Whole industries dedicated to behind the scenes gossip have evolved to serve what seems to be the public’s insatiable appetite for sniffing the dirty linen of their favourite celebrities’ off-screen antics. To be charitable, if it is true that ‘There’s nowt as queer as folk’, then it is certainly the case that there is nothing as interesting as other people. Added to which (and this may be a peculiarly British trait) there is nothing quite as satisfying as watching the exalted ones wobble and topple from their pedestals.

So to the premise of the play: two actors in a film location trailer, one slightly pompous and on the wagon, the other bitter and a practicing lush. The former, Hugh Delavois (Nigel Planer) a veteran and leading artist of all seven of the sci-fi film franchise, ‘Vulcan’, the latter, Gary Savage (Adrian Edmondson) an embittered chum from drama school days with a career on the slide and now reduced to playing a minor super-hero with a handful of lines whilst costumed to look like a startled, cooked lobster.

It all sounds like the recipe for a promising, if conventional, bout of verbal fisticuffs.
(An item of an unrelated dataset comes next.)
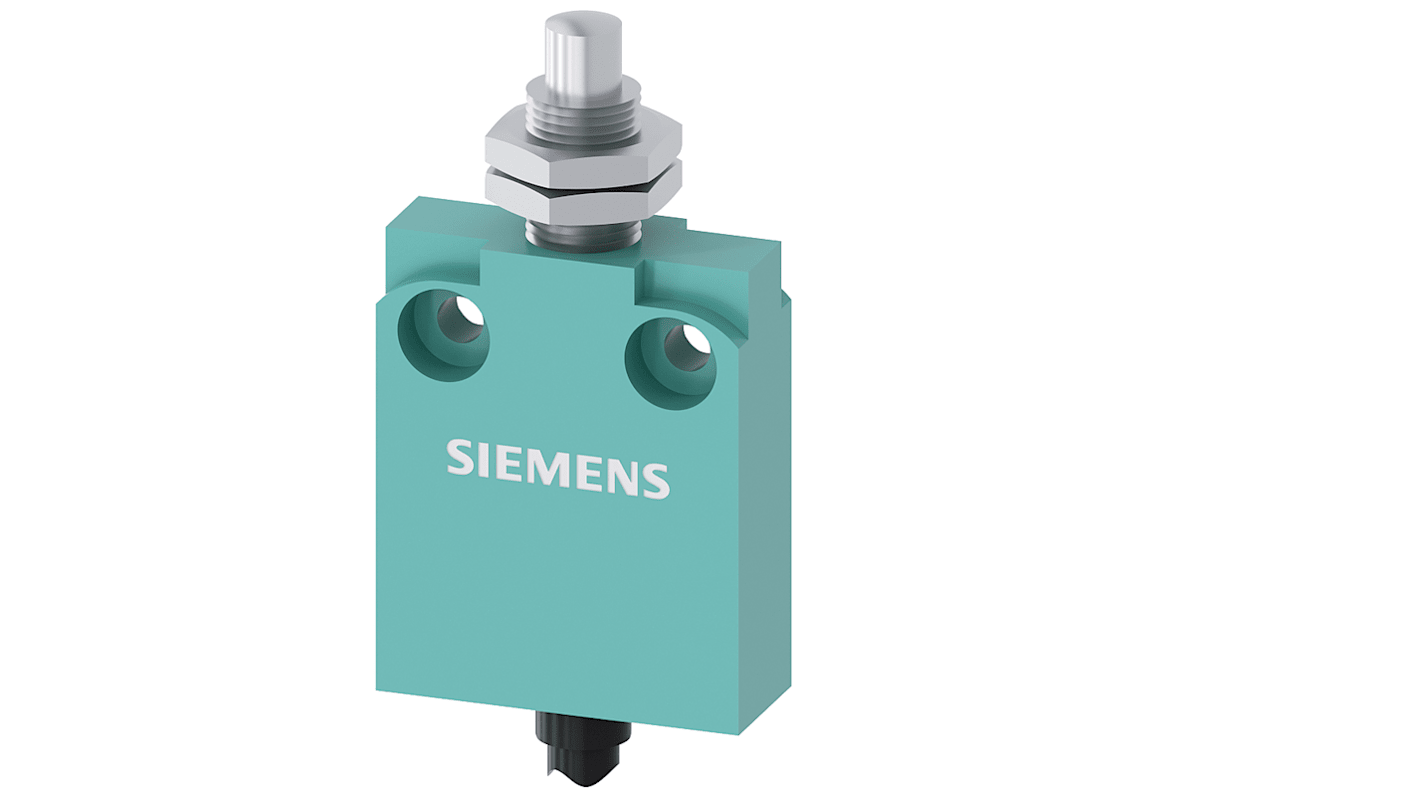 Siemens Round Plunger Limit Switch, 1NC/1NO, IP67, Metal Housing, 400V ac Max, 3A Max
There are lots of bitchy references to contemporary (successful) actors and plentiful name dropping of the sort familiar to anyone in ‘the biz’. Childish bickering about the relative size of parts and some quips about political correctness and changing attitudes to sexual ‘banter’ round out the first act.

In no small danger of stealing the show is the ‘main artists’ runner’, Leela Vitoli (Lois Chimimba), peart and business-like, who, whilst fending off some sad and somewhat grubby advances, has the job of getting the actors on set in time, but more importantly keeping their festering rivalries from fizzing over into the tight production schedule. Some way into the second act it is revealed that both actors are ex-paramours of her mother at which point each fancy themselves as her (to date unknown) father.
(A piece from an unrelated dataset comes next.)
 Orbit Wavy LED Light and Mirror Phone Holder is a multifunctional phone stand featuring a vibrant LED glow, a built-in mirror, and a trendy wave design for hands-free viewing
Some comic drama has been bolted on by locating the trailer atop an active volcano in Iceland. This may have been meant as a metaphor for something or other but if so I have to confess at having failed to make the connection. At one point Simon Higlett’s trailer interior set shudders and heaves and we learn that the bridge connecting the unit base with the set has collapsed cutting off the actors – on the active volcano – from the set and safety.

The first act is slow and overlong by at least half an hour and the mystery to me is why three of the most perspicacious producers operating at the moment have failed to get a handle on the shows weaknesses.

Messrs Planer and Edmondson are well within their comfort zone with these characters and thus turn in good performances with plenty of witty lines to raise the laughs. Fans of the two will probably not be disappointed.